Once the snapshot, if any, is restored, both databases (and any other participating clusters) start sending binary logs of changes from DR tables to the other cluster.
If any errors occur during the snapshot transmission, replication stops and must be restarted from the beginning. However, once the third step is reached, replication proceeds independently for each unique partition and, in a K safe environment, the DR process becomes durable across node failures and rejoins as well as cluster shutdowns and restarts.
SQL statements such as DELETE, INSERT, and UPDATE are transmitted through the DR binary logs, but schema changes are not. So you must be careful to only make changes to the schema of DR tables while the XDCR clusters are paused and quiesced. If not, a schema change to one cluster will likely break replication.
The process for changing the schema for DR tables in XDCR is the following:
Pause and drain the outstanding DR binary logs on all clusters using the voltadmin pause --wait command
Update the schema for the DR tables on all clusters
Resume all clusters using the voltadmin resume command
If, for any reason, you need to break replication between the XDCR databases, you can issue the voltadmin dr reset command to any cluster. For example, if one of two clusters goes down and will not be brought back online for an extended period, you can issue a voltadmin dr reset command on the remaining cluster to tell it to stop queuing binary logs. If not, the logs will be saved on disk, waiting for the other cluster to return, until you run out of disk space.
When using multiple clusters in an XDCR environment, you must choose whether to break replication with all other clusters (voltadmin dr reset --all) or with one specific cluster. Breaking replication with all clusters means that all of the other clusters will need to restart DR from scratch to rejoin the XDCR environment. Breaking replication with a single cluster means the remaining clusters retain their XDCR relationship.
If you wish to remove just one, active cluster from the XDCR relationship, you can issue the voltadmin dr drop command to the cluster you wish to remove. This command finalizes any remaining DR logs on the cluster and tells all other clusters to break their DR connection with that cluster. If the cluster you want to remove is not currently running, you can issue the voltadmin dr reset --cluster=n to all the remaining clusters where n is the cluster ID of the cluster being removed.
However, there is a danger that if you remove a failed cluster from a multi-cluster XDCR environment, the failed cluster may not have sent the same binary logs to all of the other clusters.

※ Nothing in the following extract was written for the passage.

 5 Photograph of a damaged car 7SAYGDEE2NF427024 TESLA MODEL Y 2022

In which case, when you drop that cluster from the environment, the data on the remaining clusters will diverge. So, using dr reset --cluster is recommended only if you are sure that there were no outstanding logs to be sent from the failed cluster. For example, stopping an XDCR cluster with an orderly shutdown (voltadmin shutdown) ensures that all its binary logs are transmitted and therefore the other clusters are in sync.
When using the dr reset --cluster command, you must also include the --force option to verify that you understand the risks associated with this action. So, the process for removing a single, failed cluster from a multi-cluster XDCR enivornment is:
Identify the cluster ID of the cluster that has failed.

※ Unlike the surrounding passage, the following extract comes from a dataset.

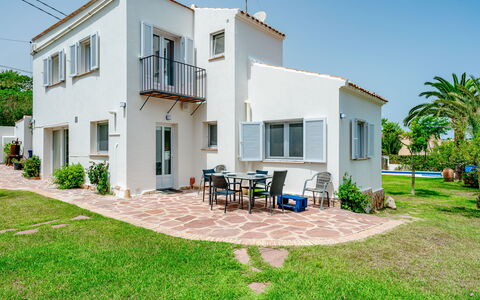 Toscal: Cielo, Pianta, Costruzione, Proprietà, Finestra, Albero, Lotto, Casa, Porta, Erba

Issue the voltadmin dr reset --cluster={failed-cluster-ID} --force command on all the remaining clusters to clear the binary log queues.

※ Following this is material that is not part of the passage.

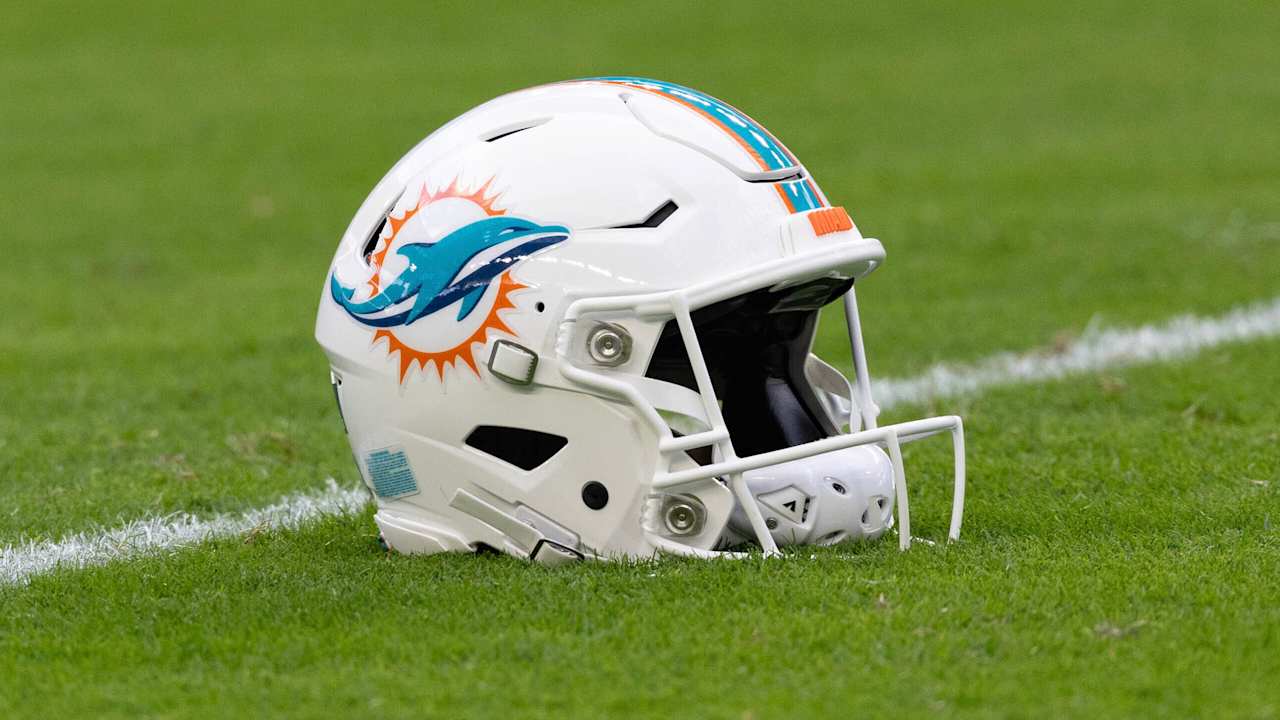 Prosecutors won’t pursue battery charge against Dolphins' assistant Ryan Crow, who remains on leave from team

This way, the remaining clusters can maintain their XDCR relationship but not retain queued data for the failed cluster. If, later, you want to rejoin the failed cluster to the XDCR environment, you will need to reinitialize the failed cluster's root directories and restart its XDCR relationship from scratch.
It is not possible to mix XDCR clusters and passive DR in the same database relationship. However, it is possible to create "virtual" replicas in a XDCR environment, if your business requires it.
Normally, in an XDCR environment, all cluster participate equally. They can all initiate transactions and replicate those transactions among themselves, as shown in Figure 11.6, “Standard XDCR Configuration”.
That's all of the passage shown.